▸ **DIRECTIONS FOR THIS TASK**
For the records below, print the lines from the line with "5 Acres of Land for Sale in Rusk, Texas" through the line with "Last weekend, I" exactly as written; include both end lines and exclude the rest.

--------------------------------

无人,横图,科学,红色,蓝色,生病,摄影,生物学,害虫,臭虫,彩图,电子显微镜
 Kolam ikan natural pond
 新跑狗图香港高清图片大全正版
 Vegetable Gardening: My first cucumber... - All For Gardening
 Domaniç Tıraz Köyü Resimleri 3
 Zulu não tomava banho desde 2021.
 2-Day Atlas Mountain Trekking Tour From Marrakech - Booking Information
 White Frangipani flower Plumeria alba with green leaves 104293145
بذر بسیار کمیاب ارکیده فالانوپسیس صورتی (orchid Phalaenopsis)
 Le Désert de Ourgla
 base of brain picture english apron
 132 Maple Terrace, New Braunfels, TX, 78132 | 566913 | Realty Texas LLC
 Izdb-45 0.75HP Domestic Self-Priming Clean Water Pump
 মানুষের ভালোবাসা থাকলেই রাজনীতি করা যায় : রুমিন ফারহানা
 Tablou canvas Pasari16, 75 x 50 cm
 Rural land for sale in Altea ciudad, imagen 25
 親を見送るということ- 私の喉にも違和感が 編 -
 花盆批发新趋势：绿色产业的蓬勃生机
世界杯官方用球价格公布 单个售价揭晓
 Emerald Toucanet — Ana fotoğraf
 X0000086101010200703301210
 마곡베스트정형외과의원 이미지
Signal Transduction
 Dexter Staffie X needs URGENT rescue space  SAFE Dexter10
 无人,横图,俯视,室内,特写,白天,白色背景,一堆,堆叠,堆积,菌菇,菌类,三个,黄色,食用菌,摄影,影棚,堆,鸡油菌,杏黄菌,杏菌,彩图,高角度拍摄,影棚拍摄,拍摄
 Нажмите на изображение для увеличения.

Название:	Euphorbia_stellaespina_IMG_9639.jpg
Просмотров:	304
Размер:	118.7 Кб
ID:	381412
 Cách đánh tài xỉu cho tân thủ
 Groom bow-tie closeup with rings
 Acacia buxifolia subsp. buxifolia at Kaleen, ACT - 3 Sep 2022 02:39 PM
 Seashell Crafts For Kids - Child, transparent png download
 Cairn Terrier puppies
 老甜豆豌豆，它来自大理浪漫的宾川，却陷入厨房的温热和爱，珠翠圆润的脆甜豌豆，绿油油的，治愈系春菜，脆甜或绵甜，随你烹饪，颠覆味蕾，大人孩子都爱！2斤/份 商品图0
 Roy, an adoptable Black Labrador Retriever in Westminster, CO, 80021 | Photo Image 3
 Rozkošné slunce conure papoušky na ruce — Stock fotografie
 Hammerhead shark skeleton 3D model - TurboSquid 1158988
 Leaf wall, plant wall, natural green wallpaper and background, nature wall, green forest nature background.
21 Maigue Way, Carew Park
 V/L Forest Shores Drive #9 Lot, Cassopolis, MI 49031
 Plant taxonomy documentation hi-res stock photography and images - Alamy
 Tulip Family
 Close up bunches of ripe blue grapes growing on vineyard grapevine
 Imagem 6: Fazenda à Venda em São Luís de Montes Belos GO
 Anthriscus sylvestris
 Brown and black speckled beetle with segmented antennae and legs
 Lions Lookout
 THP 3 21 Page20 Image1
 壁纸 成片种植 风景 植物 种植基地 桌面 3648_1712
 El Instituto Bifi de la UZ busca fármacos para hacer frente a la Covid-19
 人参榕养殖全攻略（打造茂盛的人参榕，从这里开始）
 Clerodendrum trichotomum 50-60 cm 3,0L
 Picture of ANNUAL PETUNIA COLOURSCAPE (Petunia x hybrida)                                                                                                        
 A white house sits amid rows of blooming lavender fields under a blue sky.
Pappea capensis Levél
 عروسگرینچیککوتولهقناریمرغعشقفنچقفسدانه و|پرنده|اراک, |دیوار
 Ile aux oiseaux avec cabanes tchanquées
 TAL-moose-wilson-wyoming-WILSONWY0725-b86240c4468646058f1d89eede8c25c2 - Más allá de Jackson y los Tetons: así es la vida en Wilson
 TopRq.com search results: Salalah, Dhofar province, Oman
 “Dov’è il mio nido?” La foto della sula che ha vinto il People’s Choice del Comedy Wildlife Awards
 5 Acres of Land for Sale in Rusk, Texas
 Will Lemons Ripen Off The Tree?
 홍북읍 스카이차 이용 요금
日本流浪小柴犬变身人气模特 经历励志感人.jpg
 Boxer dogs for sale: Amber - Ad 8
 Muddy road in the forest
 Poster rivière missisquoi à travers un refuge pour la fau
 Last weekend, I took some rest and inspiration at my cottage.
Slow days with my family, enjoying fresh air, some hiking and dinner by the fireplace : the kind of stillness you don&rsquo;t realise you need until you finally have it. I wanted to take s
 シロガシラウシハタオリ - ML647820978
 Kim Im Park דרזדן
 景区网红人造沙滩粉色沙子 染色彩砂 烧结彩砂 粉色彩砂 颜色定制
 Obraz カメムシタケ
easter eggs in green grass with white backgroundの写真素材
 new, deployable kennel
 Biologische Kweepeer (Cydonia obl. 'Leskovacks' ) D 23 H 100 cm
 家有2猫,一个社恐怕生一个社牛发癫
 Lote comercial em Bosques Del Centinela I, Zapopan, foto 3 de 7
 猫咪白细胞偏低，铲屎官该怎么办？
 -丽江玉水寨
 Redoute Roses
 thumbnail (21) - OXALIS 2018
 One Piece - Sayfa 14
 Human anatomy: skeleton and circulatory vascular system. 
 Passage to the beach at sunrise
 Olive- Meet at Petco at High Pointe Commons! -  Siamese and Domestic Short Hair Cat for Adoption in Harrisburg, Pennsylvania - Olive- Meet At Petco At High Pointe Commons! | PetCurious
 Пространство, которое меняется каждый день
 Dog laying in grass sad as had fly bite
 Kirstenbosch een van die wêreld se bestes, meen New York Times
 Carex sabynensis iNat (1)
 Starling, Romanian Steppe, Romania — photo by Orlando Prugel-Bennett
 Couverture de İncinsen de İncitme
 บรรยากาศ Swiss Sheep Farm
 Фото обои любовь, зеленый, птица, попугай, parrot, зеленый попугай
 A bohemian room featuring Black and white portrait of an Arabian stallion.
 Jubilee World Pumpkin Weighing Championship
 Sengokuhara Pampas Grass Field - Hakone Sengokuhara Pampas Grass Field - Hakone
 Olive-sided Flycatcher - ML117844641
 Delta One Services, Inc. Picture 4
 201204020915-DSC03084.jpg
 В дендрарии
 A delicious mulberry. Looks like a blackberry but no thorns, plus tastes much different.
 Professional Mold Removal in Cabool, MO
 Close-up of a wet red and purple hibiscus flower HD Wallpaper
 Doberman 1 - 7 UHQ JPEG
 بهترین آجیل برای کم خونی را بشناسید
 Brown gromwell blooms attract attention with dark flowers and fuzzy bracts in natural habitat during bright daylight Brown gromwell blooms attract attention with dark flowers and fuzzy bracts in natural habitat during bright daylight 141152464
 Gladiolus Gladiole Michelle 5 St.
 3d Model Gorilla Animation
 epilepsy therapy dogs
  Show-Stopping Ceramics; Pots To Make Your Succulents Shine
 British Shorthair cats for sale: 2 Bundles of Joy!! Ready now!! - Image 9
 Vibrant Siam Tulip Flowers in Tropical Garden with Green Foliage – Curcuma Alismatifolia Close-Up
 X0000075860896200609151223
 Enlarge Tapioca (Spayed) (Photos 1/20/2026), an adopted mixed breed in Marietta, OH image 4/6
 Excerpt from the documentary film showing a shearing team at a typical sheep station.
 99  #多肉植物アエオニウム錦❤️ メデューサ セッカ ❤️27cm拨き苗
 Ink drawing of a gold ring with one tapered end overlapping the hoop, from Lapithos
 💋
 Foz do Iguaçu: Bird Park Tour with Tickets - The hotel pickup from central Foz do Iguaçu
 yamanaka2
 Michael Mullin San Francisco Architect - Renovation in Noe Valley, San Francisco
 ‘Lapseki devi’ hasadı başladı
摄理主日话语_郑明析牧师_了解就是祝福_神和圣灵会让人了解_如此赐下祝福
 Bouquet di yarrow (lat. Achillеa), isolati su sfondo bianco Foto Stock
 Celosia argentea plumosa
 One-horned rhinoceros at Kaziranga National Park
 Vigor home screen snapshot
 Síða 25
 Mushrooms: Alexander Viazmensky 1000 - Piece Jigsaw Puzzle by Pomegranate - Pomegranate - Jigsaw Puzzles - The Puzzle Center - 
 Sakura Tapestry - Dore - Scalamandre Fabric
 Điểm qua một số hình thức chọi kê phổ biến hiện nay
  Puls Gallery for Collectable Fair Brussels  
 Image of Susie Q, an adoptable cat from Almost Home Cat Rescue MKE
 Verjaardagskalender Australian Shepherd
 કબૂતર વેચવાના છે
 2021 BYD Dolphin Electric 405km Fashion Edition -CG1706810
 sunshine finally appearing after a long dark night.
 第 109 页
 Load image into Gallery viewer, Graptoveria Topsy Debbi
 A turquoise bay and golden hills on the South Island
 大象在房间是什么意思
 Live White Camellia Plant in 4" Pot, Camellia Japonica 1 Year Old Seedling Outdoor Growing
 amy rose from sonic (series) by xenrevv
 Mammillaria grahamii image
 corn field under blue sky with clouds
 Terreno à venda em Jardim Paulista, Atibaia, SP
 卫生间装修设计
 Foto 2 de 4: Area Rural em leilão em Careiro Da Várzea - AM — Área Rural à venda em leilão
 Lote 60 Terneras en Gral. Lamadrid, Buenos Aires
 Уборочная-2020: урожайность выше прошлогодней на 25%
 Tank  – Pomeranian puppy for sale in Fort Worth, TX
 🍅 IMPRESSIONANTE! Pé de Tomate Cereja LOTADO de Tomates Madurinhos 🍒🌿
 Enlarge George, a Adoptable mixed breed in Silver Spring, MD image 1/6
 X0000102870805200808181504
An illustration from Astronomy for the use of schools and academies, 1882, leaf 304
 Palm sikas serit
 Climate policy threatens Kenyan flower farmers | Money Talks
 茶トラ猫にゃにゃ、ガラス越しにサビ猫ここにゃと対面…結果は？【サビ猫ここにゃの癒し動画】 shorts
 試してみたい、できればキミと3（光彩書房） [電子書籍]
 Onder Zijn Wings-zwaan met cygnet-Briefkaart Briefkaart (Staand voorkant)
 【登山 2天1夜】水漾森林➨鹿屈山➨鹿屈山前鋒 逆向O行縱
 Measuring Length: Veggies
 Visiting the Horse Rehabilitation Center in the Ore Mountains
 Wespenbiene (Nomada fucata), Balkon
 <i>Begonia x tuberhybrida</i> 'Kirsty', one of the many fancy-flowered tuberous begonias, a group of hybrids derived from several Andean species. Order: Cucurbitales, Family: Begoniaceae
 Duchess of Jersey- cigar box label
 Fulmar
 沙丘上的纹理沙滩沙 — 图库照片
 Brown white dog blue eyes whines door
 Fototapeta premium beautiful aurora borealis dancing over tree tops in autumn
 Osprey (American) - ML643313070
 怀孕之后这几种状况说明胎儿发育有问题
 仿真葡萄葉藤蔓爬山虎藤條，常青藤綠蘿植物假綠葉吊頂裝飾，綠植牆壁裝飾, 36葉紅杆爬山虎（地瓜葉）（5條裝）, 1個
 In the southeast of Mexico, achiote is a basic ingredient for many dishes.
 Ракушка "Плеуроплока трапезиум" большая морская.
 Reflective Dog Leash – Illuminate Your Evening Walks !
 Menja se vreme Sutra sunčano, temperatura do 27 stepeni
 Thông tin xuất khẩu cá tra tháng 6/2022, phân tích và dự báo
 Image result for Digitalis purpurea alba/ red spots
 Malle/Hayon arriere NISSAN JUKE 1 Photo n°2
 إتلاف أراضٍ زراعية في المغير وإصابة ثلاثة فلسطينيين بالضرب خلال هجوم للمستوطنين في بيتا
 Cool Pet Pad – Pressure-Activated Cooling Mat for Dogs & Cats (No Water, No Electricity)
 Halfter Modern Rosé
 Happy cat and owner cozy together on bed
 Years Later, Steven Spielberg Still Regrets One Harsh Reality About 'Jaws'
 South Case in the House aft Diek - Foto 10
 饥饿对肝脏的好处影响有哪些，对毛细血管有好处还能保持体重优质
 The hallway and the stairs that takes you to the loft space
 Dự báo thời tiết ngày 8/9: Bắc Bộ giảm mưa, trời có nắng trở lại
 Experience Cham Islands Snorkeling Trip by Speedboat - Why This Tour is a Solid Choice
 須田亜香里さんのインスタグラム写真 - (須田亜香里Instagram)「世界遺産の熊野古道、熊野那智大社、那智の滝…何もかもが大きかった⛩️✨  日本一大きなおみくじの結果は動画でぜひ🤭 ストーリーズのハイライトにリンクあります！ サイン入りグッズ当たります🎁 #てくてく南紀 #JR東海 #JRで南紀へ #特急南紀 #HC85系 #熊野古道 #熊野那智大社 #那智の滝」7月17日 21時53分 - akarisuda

--------------------------------

▸ **WORKED SOLUTION**
 5 Acres of Land for Sale in Rusk, Texas
 Will Lemons Ripen Off The Tree?
 홍북읍 스카이차 이용 요금
日本流浪小柴犬变身人气模特 经历励志感人.jpg
 Boxer dogs for sale: Amber - Ad 8
 Muddy road in the forest
 Poster rivière missisquoi à travers un refuge pour la fau
 Last weekend, I took some rest and inspiration at my cottage.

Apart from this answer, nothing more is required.